THE WORLD HE LIVES IN
By Bill Bonner
Today we approach a serious and disturbing paradox: how
could it be possible for an economy to slow down just when
its central bankers and its central government push harder
than ever on the accelerator?
If you would prefer something more lighthearted, you could
read Alan Greenspan's address to Congress on Tuesday. More
and more, we find we share the sentiments of Rep. Bernie
Sanders, who remarked following a previous testimony by the
Fed chairman:
"Mr. Greenspan, I always enjoy your presentation because,
frankly, I wonder what world you live in."
We wonder too.
As near as we can tell, it is a strange one. For in Mr.
Greenspan's world, there are no paradoxes. It is a world as
clean and dull as an actuarial table with only whole
numbers. The Fed chairman is surrounded by such positive
thinkers, the poor man must not get a chance to voice a
doubt or doubt a voice. Ben Bernanke thinks he can make the
dollar worth as much or as little as he wants, just by
controlling the speed of the printing press. Robert McTeer
says he can hardly wait to fight deflation; he thinks it
will be fun. Alfred Broadus is probably the most cautious
of the bunch...but still delusional. He says the Fed has
proven that it can fight inflation, and now it has to prove
it can fight deflation.
It is to this last point that we are drawn...as if to a
crime scene. The Fed claims it came along just in time and
chased off the miscreant. We look at Al Broadus and the
rest of his gang and wonder: who do they take us for,
complete morons?
And yet, Americans' can-do optimism seems to depend on the
ability of its central bankers to do what the Japanese
could not - successfully wage war on deflation. All right,
so the war on inflation was not the great success that
Broadus thinks it was. (The dollar ended the year 1913
about where it was 100 years before. In that year, the Fed
took up its mission - to protect the value of the nation's
currency. Over the next 90 years, the dollar lost 95% of
its value.) What the Fed has proven is not that it is a
good inflation fighter, but that it is good at stabbing the
dollar in the back. And since destroying the dollar is just
what the times seem to call for, what are we worrying
about?
If only there were not so many paradoxes, dear reader.

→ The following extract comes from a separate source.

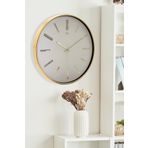 Galaxy GOLD BEJ KADRAN RAKAMLI DUVAR SAATİ 43 CM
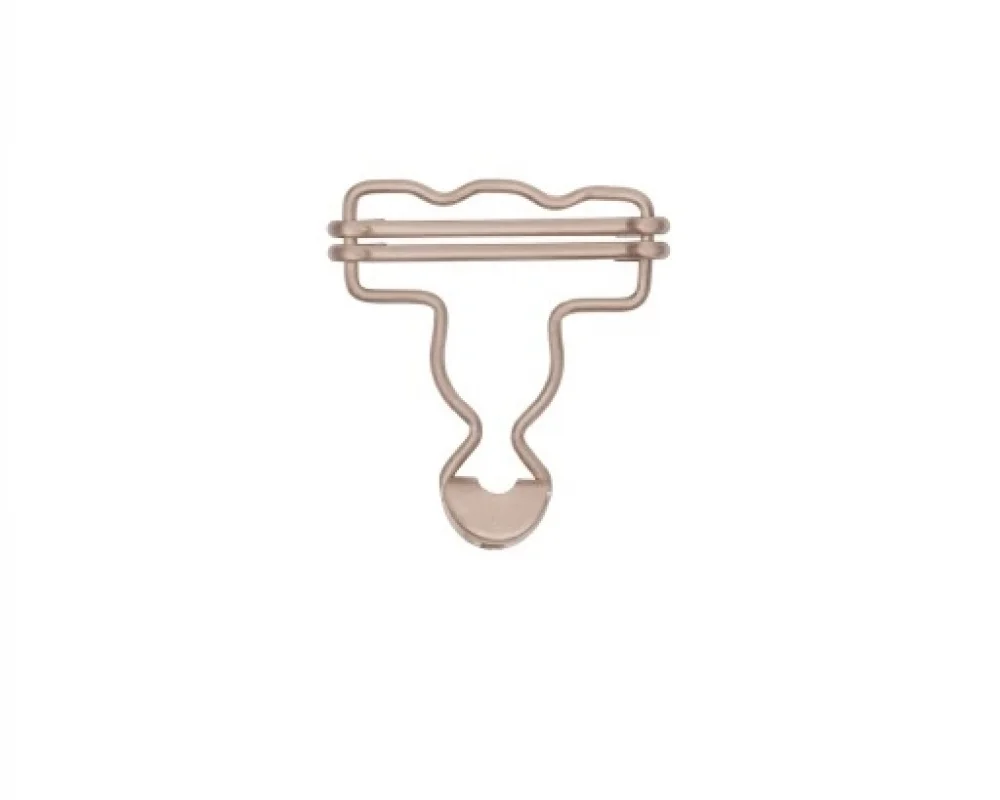 B-30 Dalgalı Salopette Buckle Wıth Double Adjustment Wıth Speacıal Head - Bakırlı Kalay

Wouldn't life be much better if women meant what they said?
Wouldn't it be nice if you could be happy by thinking of
yourself and only doing what makes you happy? Wouldn't it
be grand if the investments that made people rich last year
would make you rich this year?
Or, more to the point, wouldn't it be just peachy if the
Fed really could control the money supply...so that people
would have money to spend when the Fed wanted them to
spend? But therein hangs a tale, which is the subject of
today's letter.
But here, hardly having moved forward a single inch, we
must arrest our progress. Alert readers may already be
looking ahead, with an objection:
"Hey, I know where you're going with this. You're going to
say that the Fed will be as incompetent at destroying the
dollar's value as they were at protecting it. But haven't
you been saying that the dollar was going to collapse? (And
sotto voce: I've been buying gold and euros thanks to
you...the dollar damned well better collapse!)"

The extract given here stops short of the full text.